Nguyen created the wall mural for the Crisp-Ellert’s west gallery using a process she has been perfecting over the past 10 years. She begins by drawing on sheets of transparent mylar with pencils, color pencils, acrylic ink, watercolor, markers, spray paint and salt, and sandwiches the sheets into one. In addition to the aforementioned materials, she also incorporates other objects between the layers such as seaweed, crystals, and seedpods. From there she makes a color negative of the drawing which in turn is exposed on larger sheets of photo paper. These “photographs” are installed in a grid pattern becoming the wall mural – a large-scale reconstruction of her original drawing. Nguyen’s process demonstrates a playful attitude toward making work and a never-ending curiosity in exploring how to push a medium beyond its traditional uses.
The artist’s fondness for experimentation informs not only her process, but the subject matter as well. Nguyen has long been captivated by the sciences, claiming to have always wanted to be an astronomer, chemist, and marine biologist, et al. These daydreams have given birth to the fantastical worlds the viewer gazes upon in her murals and smaller photo-based works and drawings. In these, underwater worlds intermingle with day-glow mountain landscapes: ghostly islands with undiscovered flora and fauna, stalactites and stalagmites, and unknown organisms float through space amidst other celestial bodies.
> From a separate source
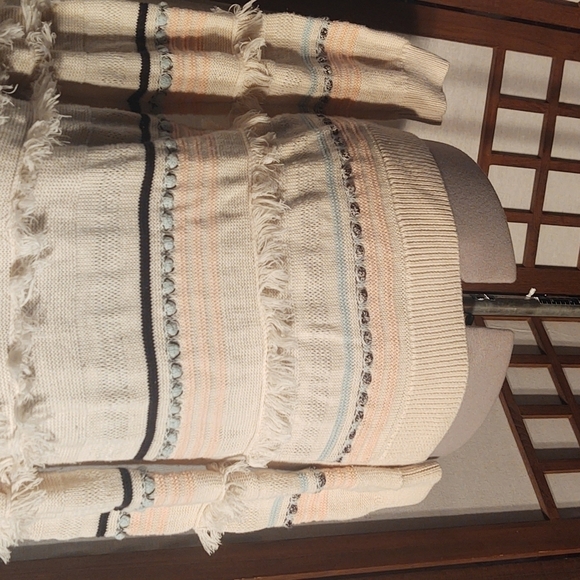 LOFT Fringe Striped White Sweater Sz M - Picture 3 of 10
This science-experiment-cum-artistic-practice is furthered by her long-time interest in making cyanotypes, as well as explorations into growing salt crystals on objects gathered in her native Los Angeles. In addition to the wall mural, the exhibition will include several cyanotypes, or “sun prints,” that Nguyen makes by leaving paper coated with photographic emulsion in the sun. Anything that she layers on the paper, leaves, salt crystals and flowers are captured in the image. These same materials become sculptural pieces in their own right, as a group of crystallized objects that will be included in the installation. The piece is comprised of foliage and other detritus foraged from in and around St. Augustine by the students in Flagler College’s Art Department that has been subject to Nguyen’s experimentation with growing salt crystals with borax.
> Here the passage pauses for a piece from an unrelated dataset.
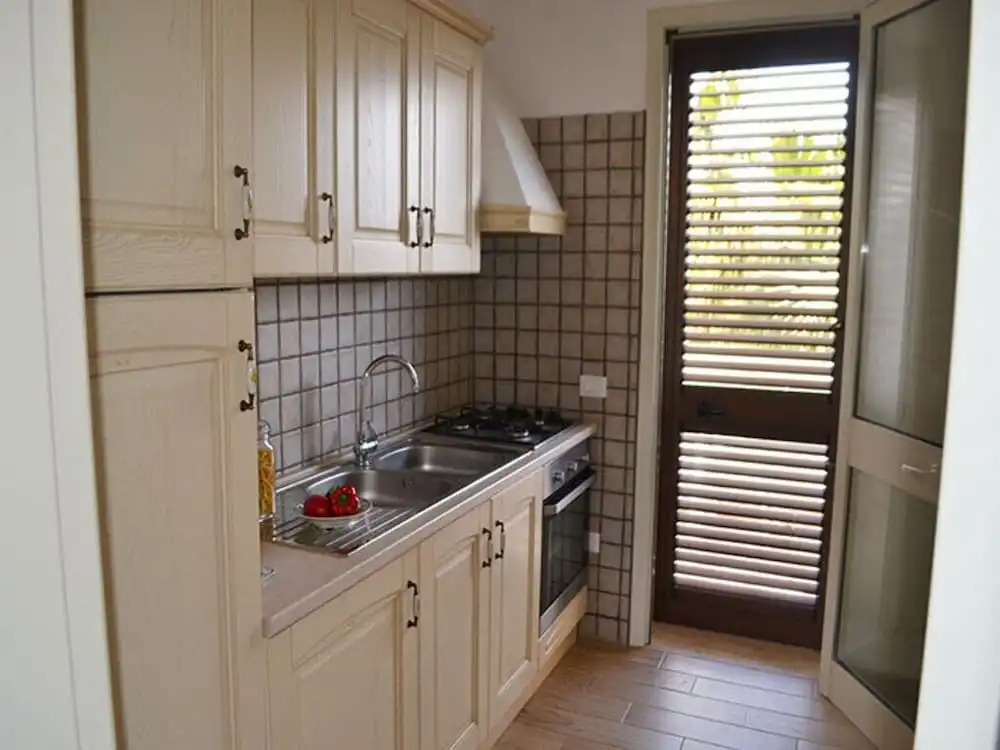 Air-conditioned Apartment Near The Beach With Spacious Balcony & Garden, Pets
Christine Nguyen received her BFA from California State University Long Beach and her MFA from University of California at Irvine. Over the past 10 years she has exhibited widely, including solo exhibitions at the Huntington Beach Art Center in Huntington Beach, California and the Hammer Museum at UCLA in Los Angeles. Her work has also been included in exhibitions in New York, Germany, Hong Kong, and Vietnam among others.
The exhibition will be on view from January 14 through February 25, 2011.